I got a job offer in York but doing some research in the last hours I am thinking it may be a little tight. the annual salary is £22000 (gross) according to several website that means £1470 in my pocket each month, but that doesn't take any pension fund into count (how does work in UK , here in italy it is mandatory).

Also the place is in an industrial estate so I need a car too

thanks a lot

Paolo


----------



## zeebo (Nov 15, 2009)

Hello,

the tax on your income will income will include "national insurance" to pay for healthcare and pension. However it is doubtful you will ever see that "pension" and if you do it will be tiny. 

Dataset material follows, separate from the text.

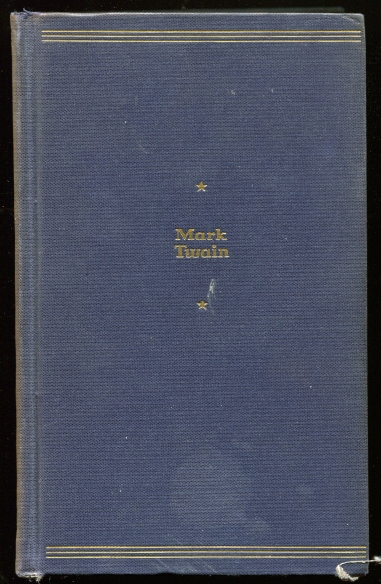 Image for Mark Twain (Samuel Langhorne Clemens) WITH SIGNATURE OF LIONEL TRILLING Representative Selections, with Introduction and Bibliography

22k is quite low but if your on your own it should be ok. To put it into perspective trainee police officers (probationers) start on 19k, teachers on about 21k so there are many people living on it here, but there wont be much to save and your lifestyle will have to be quite tame. If you are paying rent it will obviously eat into it. 

York is a nice place full of history, it was the viking town or yorvik and the roman emperor Constantine was first acclaimed on his soldiers shields in york after constntius chlorus died.


----------



## Paolo6691 (Jan 8, 2010)

zeebo said:


> Hello,
> 
> the tax on your income will income will include "national insurance" to pay for healthcare and pension. However it is doubtful you will ever see that "pension" and if you do it will be tiny.
> 
> ...


Thanks this solve the question of pension, yes I know it would not be such a luxurious lifestyle but I was/am quite afraid it would be a stretch to reach the end of the month if I take into account car expenses

Cheers Paolo


----------



## DWE (Jan 8, 2010)

How old are you? How long have you been driving and have you ever claimed on your insurance policy?

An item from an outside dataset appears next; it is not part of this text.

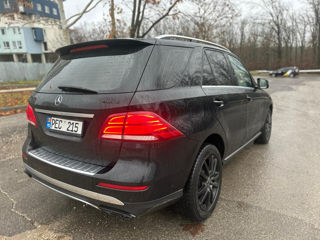 Mercedes GLE foto 4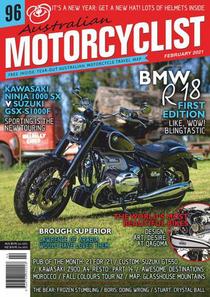 Australian Motorcyclist - February 2021 - Download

If you buy an old diesel car (say, a Mk 3 V.W. Golf), then fuel costs should be quite low.


----------



## YorksMatt (Jan 3, 2010)

Hi Paolo

22k isn't actually that low, if you look at average wages in this area (I live in Yorkshire) it's not a bad wage. It all depends on how much your accommodation, car, etc cost really, but you should definitely manage. 

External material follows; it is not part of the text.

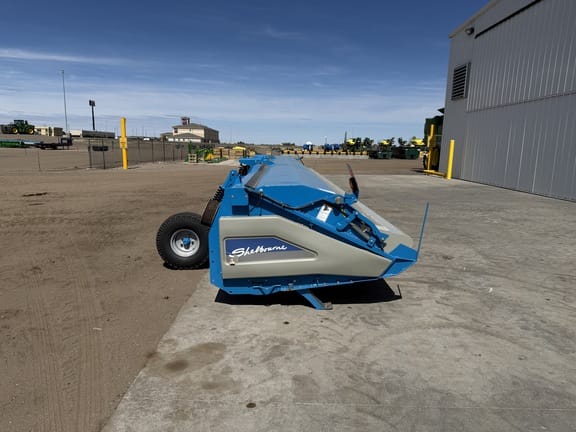 2024 Shelbourne Reynolds XCV36 Equipment Image0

As Zeebo mentioned, York is a great place, there's lots going on there and although it's not particularly cheap, it is a really nice place to live.

Cheers
Matt


----------



## Paolo6691 (Jan 8, 2010)

DWE said:


> How old are you? How long have you been driving and have you ever claimed on your insurance policy?
> 
> If you buy an old diesel car (say, a Mk 3 V.W. Golf), then fuel costs should be quite low.


I am 35 years old and I drove since I was 18 

Thanks for all the infos. I got quite scared when I was looking for a room and I found price in the range of 400 per month plus bills, checking today on different sites I found the are also some around 300 bills included.


Thanks a lot

Paolo


----------



## HamishUK (Oct 20, 2009)

Hi Paulo,
I am originally from York. It is a great city, I am sure you will enjoy it. I think £22k is an OK wage. York isn't too expensive and I'm sure you will be able to do everything you want to do.
According to this site: Free UK PAYE Income Tax Calculator 2009. Updated for 2009 / 2010 tax year. Calculate your salary / wages / take home pay. you will get around £1425 a month after tax. If you share a larger house with other people you will probably be able to pay less than £400 a month for rent.

Thanks,
Andy


----------



## Paolo6691 (Jan 8, 2010)

Thanks, 

yes I spent the weekend looking at several flat share websites, at first I was quite scared by what I was seeing, but then I figured I was looking at an expensive website, there are several room that look nice and are in a range I can afford

Cheers Paolo


----------



## zeebo (Nov 15, 2009)

It may be best to come over first and look in the local papers and or notice board at work, you will find it cheaper and people will know your not messing around. I would imagin you could get a bed and breakfast for around 35 pounds a night.


----------